Task goal:
Transcribe these records exactly, dropping every picture.

Records supplied:
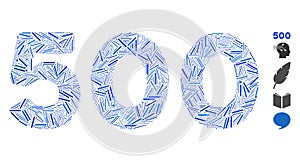 Line Mosaic 500 Digits Text Icon photo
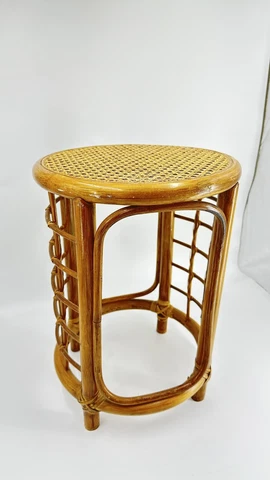 Vintage Rattan Chair Stool side table  Handicraft Wicker Home Decor 18.5” Cover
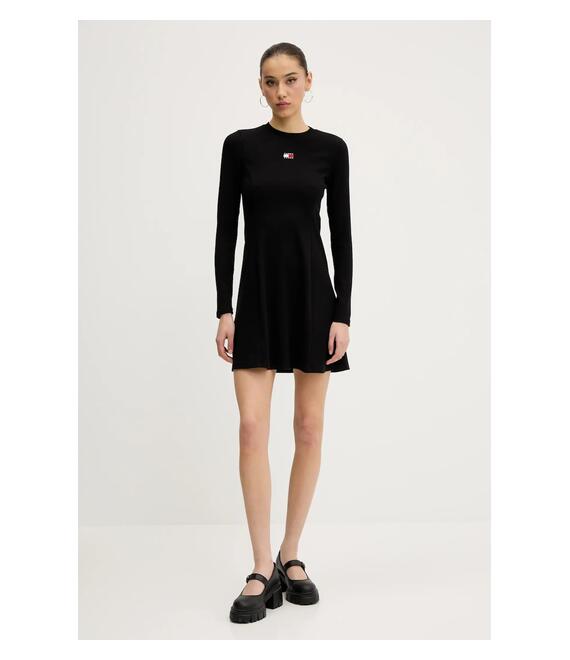 Φόρεμα Tommy Jeans χρώμα: μαύρο, DW0DW20666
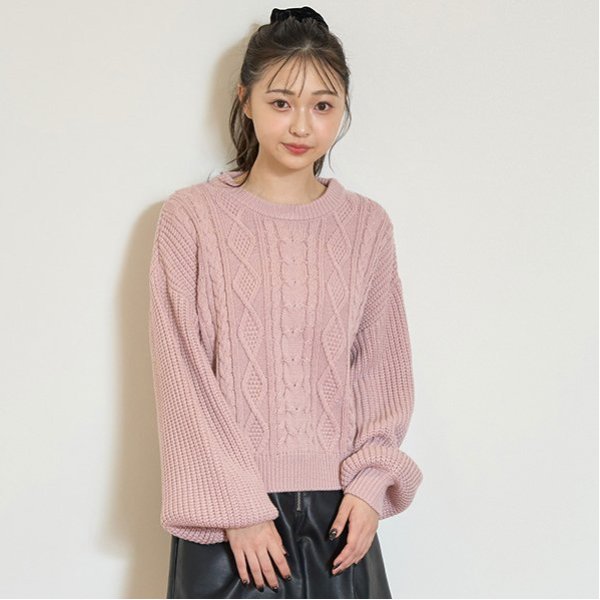 【GOODPRICE】ケーブルニットプルオーバー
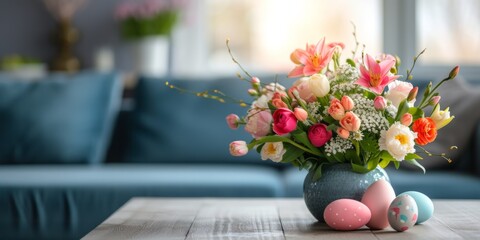 Colorful Flower Arrangement And Easter Eggs Adorn Living Room Table. Сoncept Gardening Tips For...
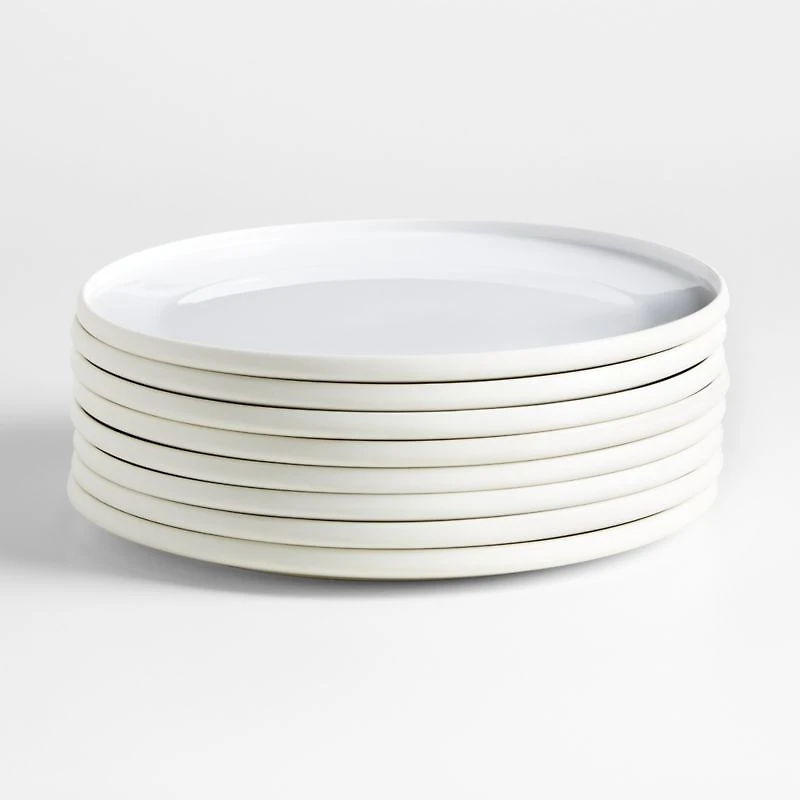 Tour White Porcelain Dinner Plates, Set of 8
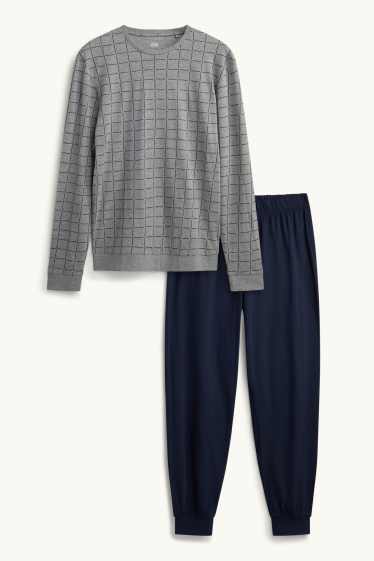 Herren - Pyjama - blau / grau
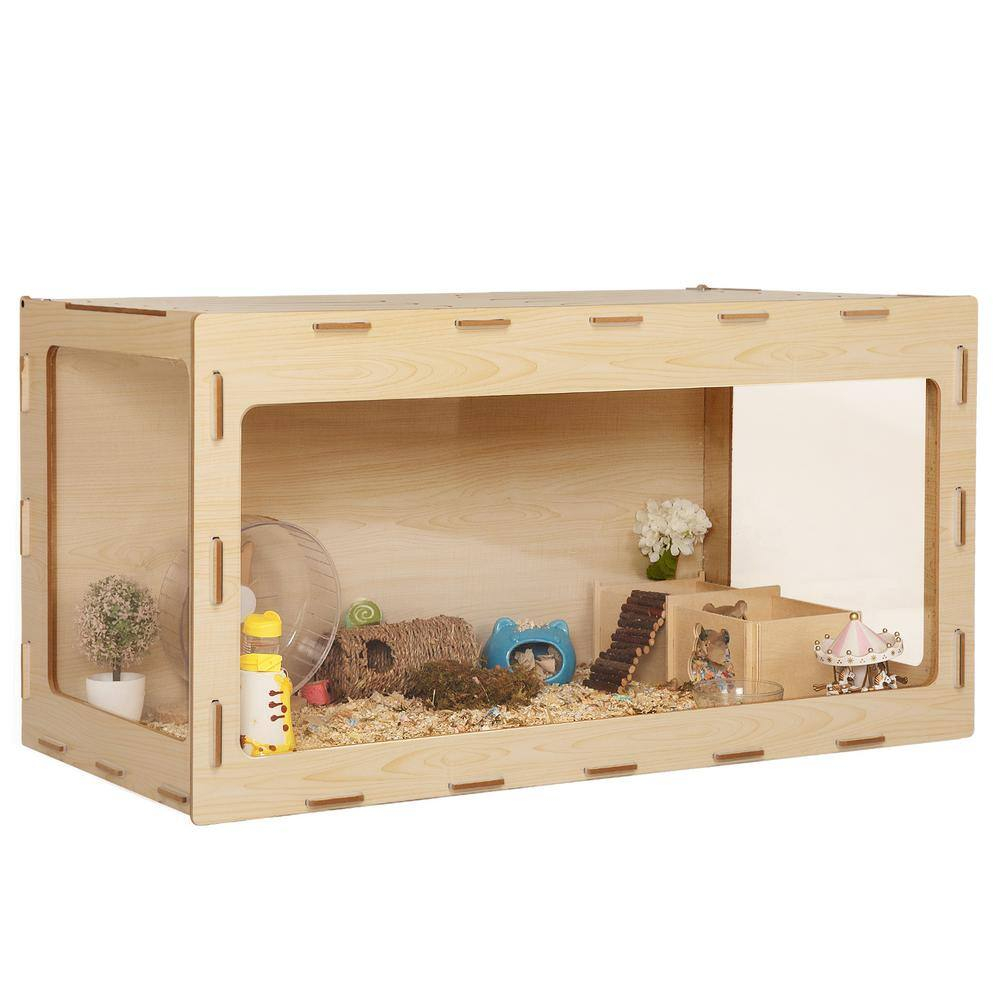 COZIWOW Large Wooden Hamster Cage,Habitat Shelter W/Acrylic Board,Flip Top
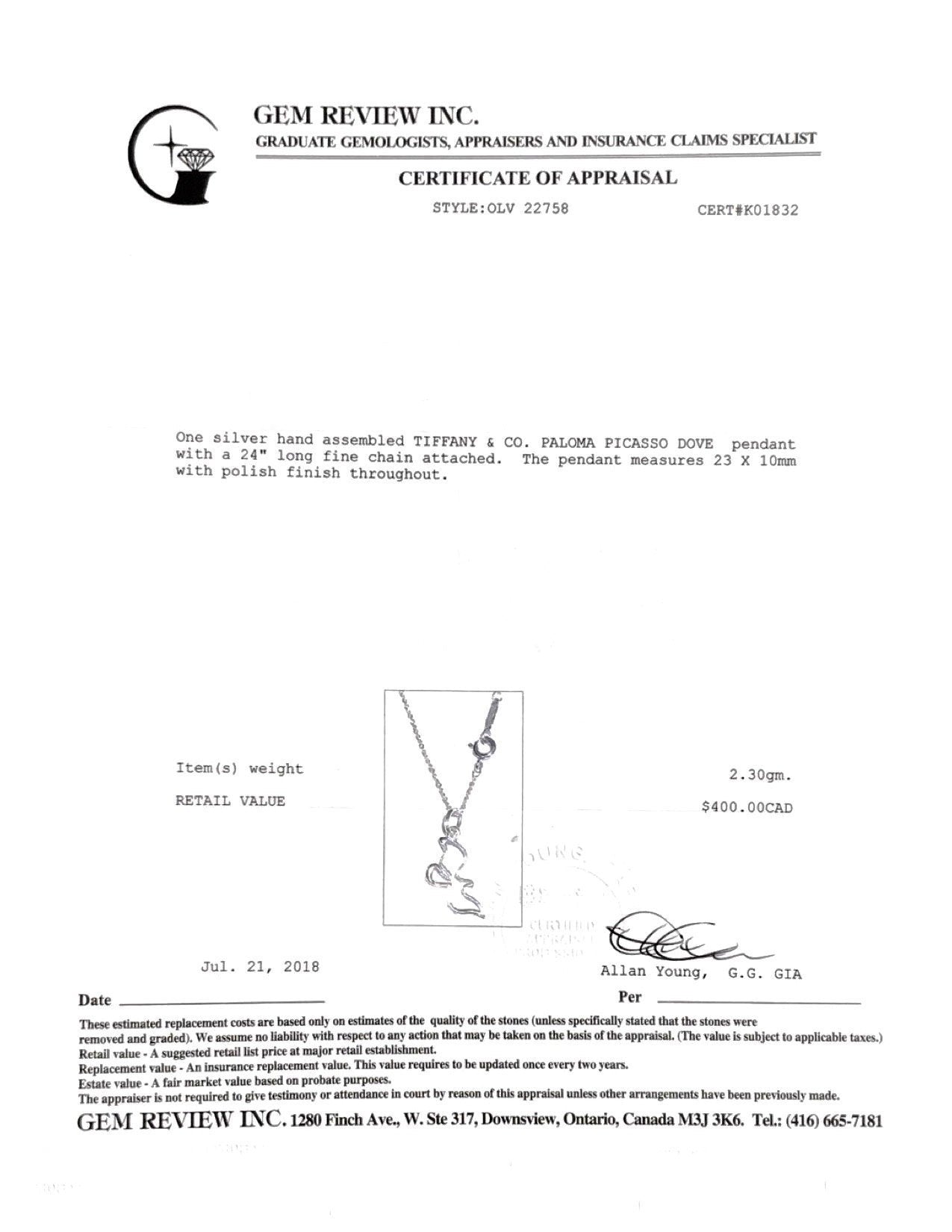 Tiffany & Co. Paloma Picasso Dove Pendant Necklace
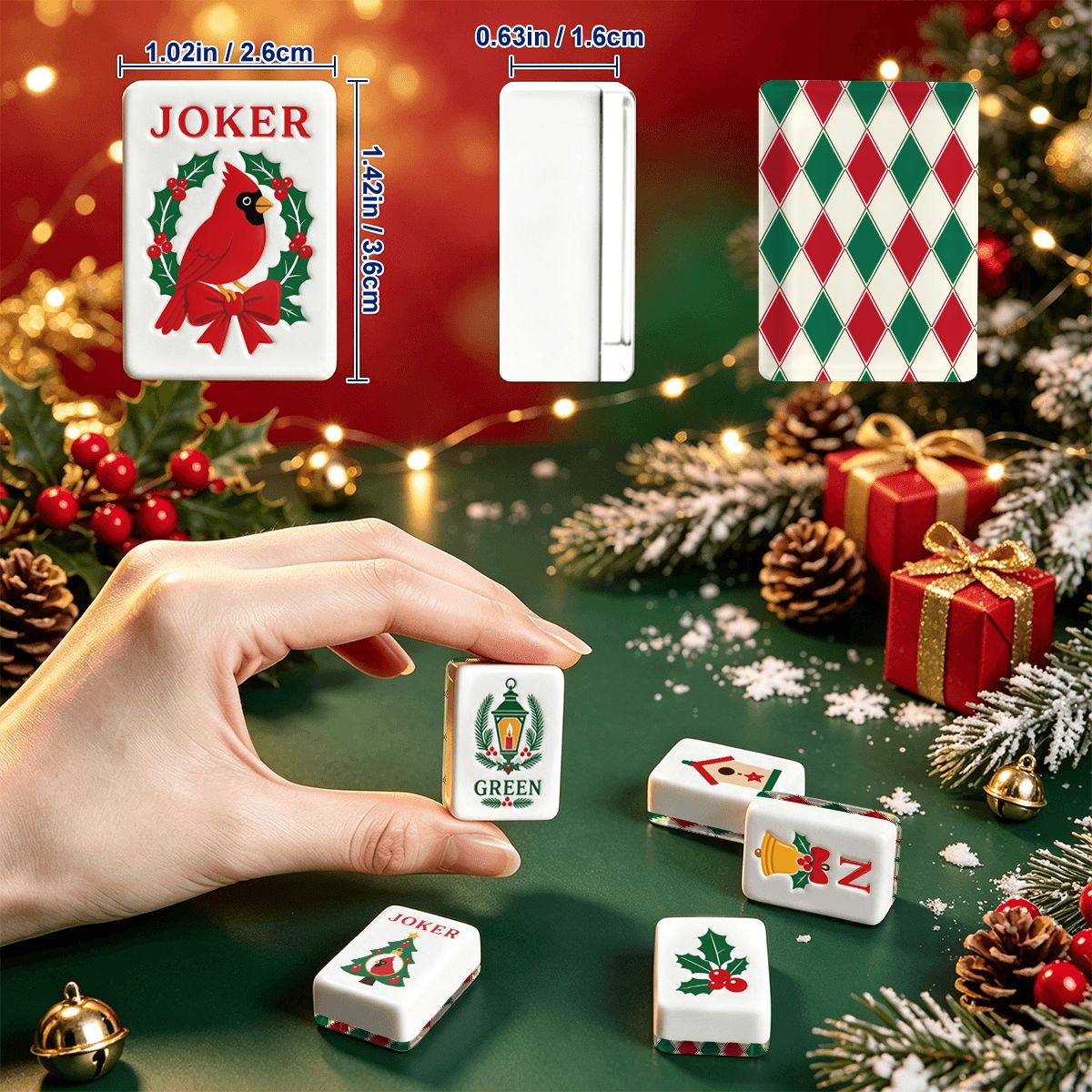Harlequin Green And Red Christmas Cardinal Mahjong Tiles With Carry Case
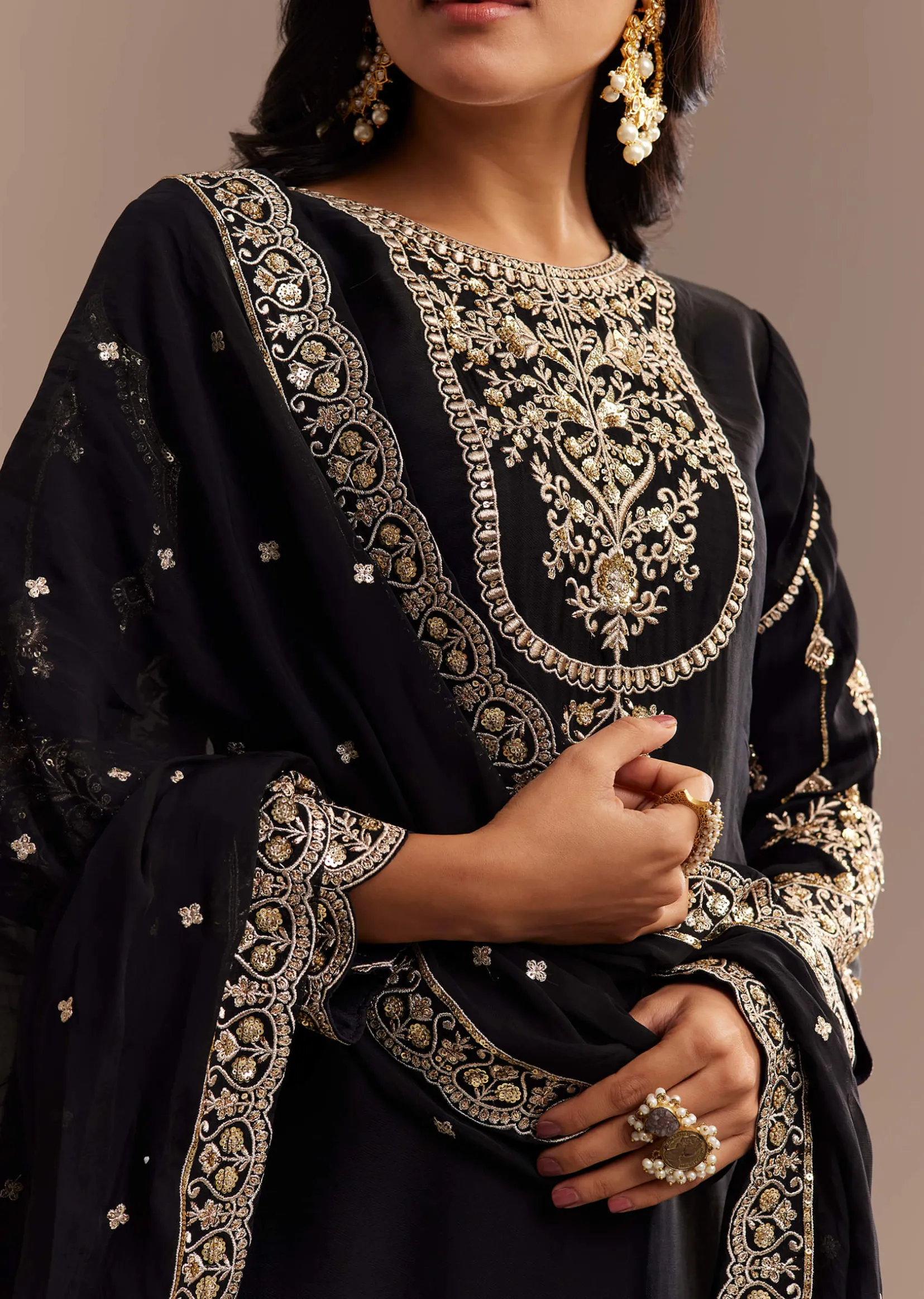 Black Satin Zari Embroidered Dhoti Kurta Set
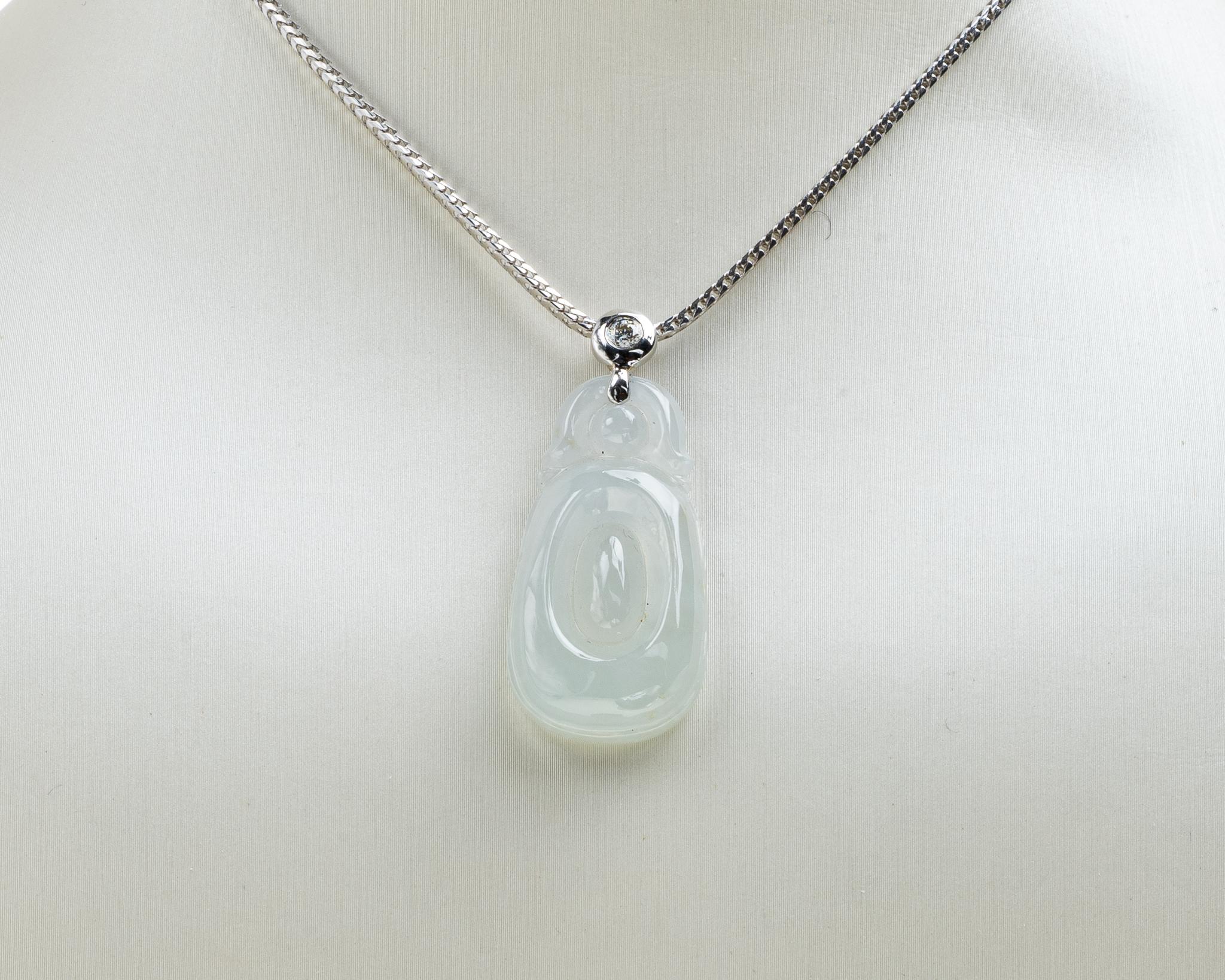 Women's or Men's Icy White Jadeite Jade Gold Coin Pendant, Certified Untreated For Sale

Finished exercise:
 Line Mosaic 500 Digits Text Icon photo
 Vintage Rattan Chair Stool side table  Handicraft Wicker Home Decor 18.5” Cover
 Φόρεμα Tommy Jeans χρώμα: μαύρο, DW0DW20666
 【GOODPRICE】ケーブルニットプルオーバー
 Colorful Flower Arrangement And Easter Eggs Adorn Living Room Table. Сoncept Gardening Tips For...
 Tour White Porcelain Dinner Plates, Set of 8
 Herren - Pyjama - blau / grau
 COZIWOW Large Wooden Hamster Cage,Habitat Shelter W/Acrylic Board,Flip Top
 Tiffany & Co. Paloma Picasso Dove Pendant Necklace
Harlequin Green And Red Christmas Cardinal Mahjong Tiles With Carry Case
 Black Satin Zari Embroidered Dhoti Kurta Set
 Women's or Men's Icy White Jadeite Jade Gold Coin Pendant, Certified Untreated For Sale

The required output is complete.